Я вчера, 23/VI, был в Бутырской больнице. Следующие просьбы арестованных:
1. Сидит некая Ольга Алексеевна Семенова, был ордер на освобождение Ольги Семеновны Семеновой. Не освобождена. Необходимо справиться и виновного в небрежности привлечь к ответственности.
2. Графов, курьер Свердлова, посажен за пьянство, сошел с «ума», но уже здоров. Запросите Свердлова, что с ним сделать.
3. Сергей Георгиевич Танеев, ар. 10.VI, командир 3-го бат. 3-го Моск. Совет. полка, за дезорганизацию и к.-р. Невиновен. Вел дело Гальперштейн. Доберите справки о деле. Прошение прилагается.
4. Ремнев и Цейтлин. В каком положении их дело? Цейтлин просит разрешить свидание с женой. Уведомить больницу. Утверждают, что их могут взять на поруки Муралов, его секретарь и Раскольников.
5. Гончаренко Юрий Сергеевич, пом[ощник] комис[сара] по продовольствию Прудникова со ст. Лозовая. Ар. 18 V, ни разу не допрашивали. Просит отдать жене забранные музык. инструменты и отослать ему в больницу забранные у него в нашей тюрьме 325 руб.
6. Корольков (из штаба Ремнева) спрашивает о положении его дела.
7. Белянкин из Вологды просит допросить его. Говорит, что обвиняется в к.-р. неправильно. Необходимо послать в больницу бумагу, что он числится за нами. Иначе его могут освободить. Дело было у Закса.
8. Берг Вас. Серг.> – просит освободить на поруки. [Обвиняется в] к.-р., говорит, что ни в чем не виновен. Прошение его прилагается. Проверить по телефону, не ошибка ли, что получил 1 год тюрьмы и за что?..
Все прошения и бумаги верните мне со справками».

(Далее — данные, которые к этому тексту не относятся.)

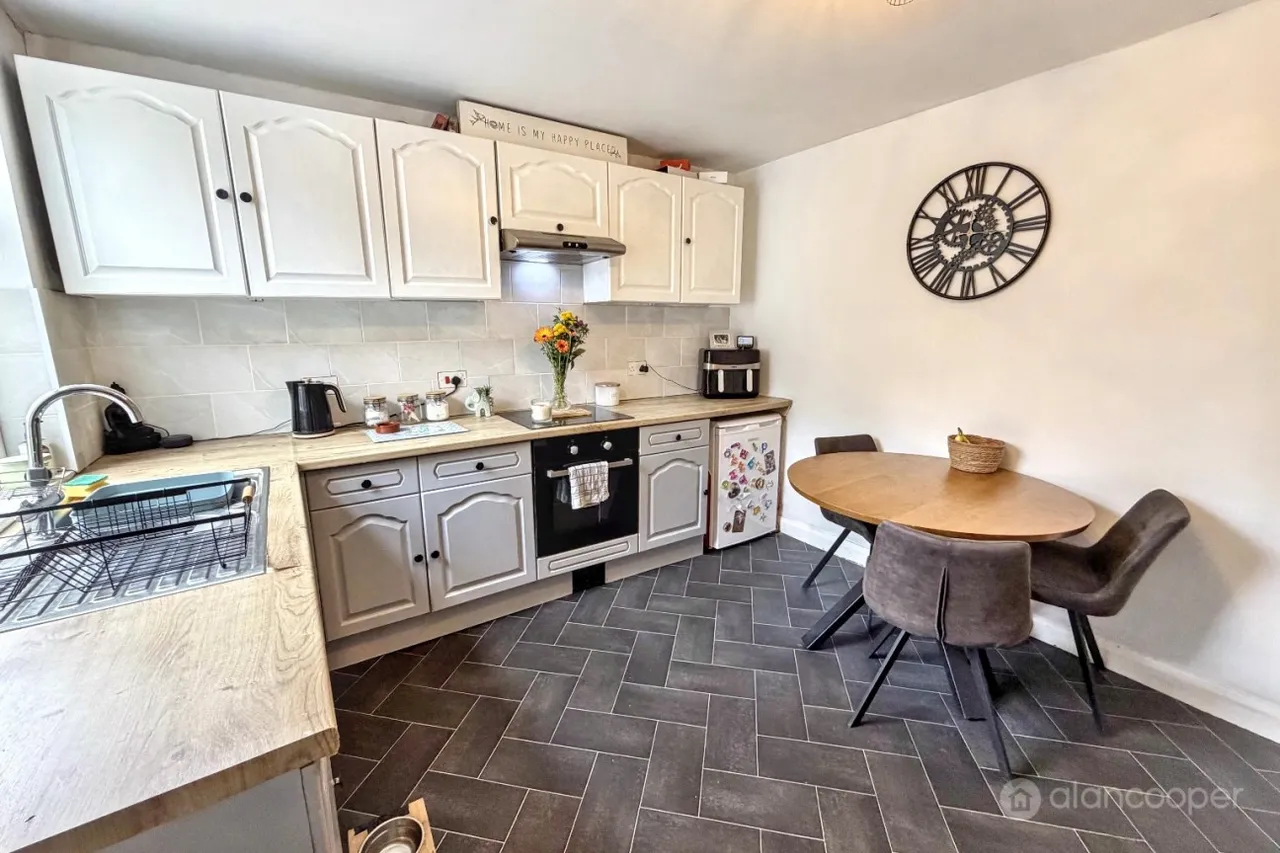 Bucks Hill, Stockingford, CV10, photo 5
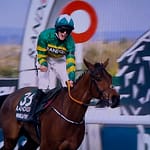 Roughly a third of Londoners plan to bet on the Grand National Roughly a third of Londoners plan to bet on the Grand National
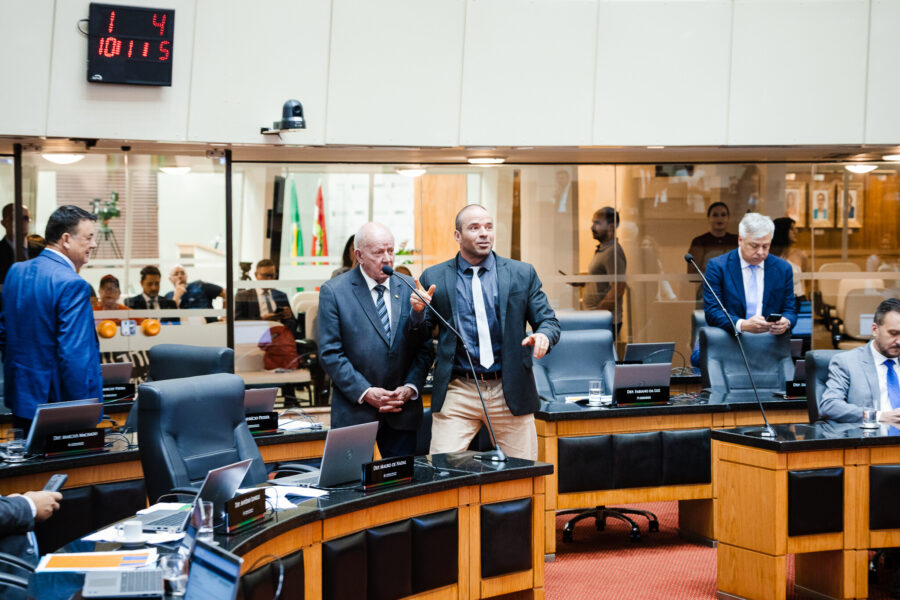 Foto: Bruno Collaço / Agência AL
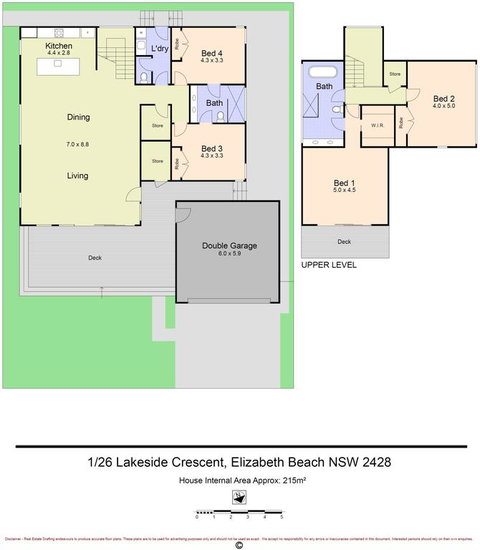 THE BEACH HOUSE - Tourism Search 3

Успехи, достигнутые в столице, никак не могли успокаивать. После разоружения в Москве и аналогичных мер в других городах многие анархисты все же ушли в подполье или перебрались на территорию Украины. Нередко они вливались и в вооруженные отряды эсеров-максималистов, как было в Самаре, Ижевске, Воткинске и продолжали представлять серьёзную угрозу.

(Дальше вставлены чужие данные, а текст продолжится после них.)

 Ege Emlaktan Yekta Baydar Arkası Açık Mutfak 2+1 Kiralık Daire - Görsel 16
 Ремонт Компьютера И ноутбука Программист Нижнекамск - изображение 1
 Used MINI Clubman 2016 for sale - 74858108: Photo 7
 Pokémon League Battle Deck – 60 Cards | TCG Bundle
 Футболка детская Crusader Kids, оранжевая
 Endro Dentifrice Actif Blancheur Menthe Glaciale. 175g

А губкомиссии на местах часто работали вяло или подменяли борьбу с реальной контрреволюцией просто отдельными массовыми и жесткими карательными мерами, что приносило мало толку, зато вызывало негативную реакцию у населения. Стало заметнее и противодействие в работе со стороны левых эсеров, повсеместно использующих свое участие в комиссиях исключительно для права вето. Такие сведения не могли не настораживать Дзержинского.
После своего третьего съезда, в резолюции которого эсеры снова выступили против Брестского мира, создания Красной армии, продовольственной политики и введения смертной казни по суду, их действия стали и вовсе непредсказуемыми. Назревала необходимость большей координации и централизации в действиях ВЧК и созданных, а где-то только создающихся губернских комиссий. А для этого одних заочных директив мало, необходима всероссийская конференция.
Глава 18Левоэсеровскиий мятеж
Посидев в Большом театре, где второй день бурно проходил съезд Советов рабочих, крестьянских, солдатский и казачьих депутатов, послушав основной доклад Ленина, выступление, как всегда, сыпавшего метафорами Троцкого и многочисленные нападки на них левых эсеров, Дзержинский около двух часов пополудни решил вернуться к себе на Лубянку к неотложным делам – благо теперь рядом.
Поднялся в свой кабинет, посмотрел свежую сводку и принялся было за бумаги, но тут заботливый «господин курьер» Сорокин принёс ему тарелку картошки с жареной кониной, кусок хлеба и чай. Голодный желудок, несколько часов эхом отзывавшийся на речи делегатов, принял сторону Сорокина. От бумаг пришлось оторваться. Ел Феликс всегда быстро, как и во всем другом максимально экономя время. Однако даже эту блиц-трапезу закончить не удалось. Раздался телефонный звонок по прямому проводу. У аппарата был Ленин:
– Товарищ Дзержинский! Только что из немецкого посольства сообщили, что на Мирбаха совершено покушение. Бросили бомбу. Он ранен.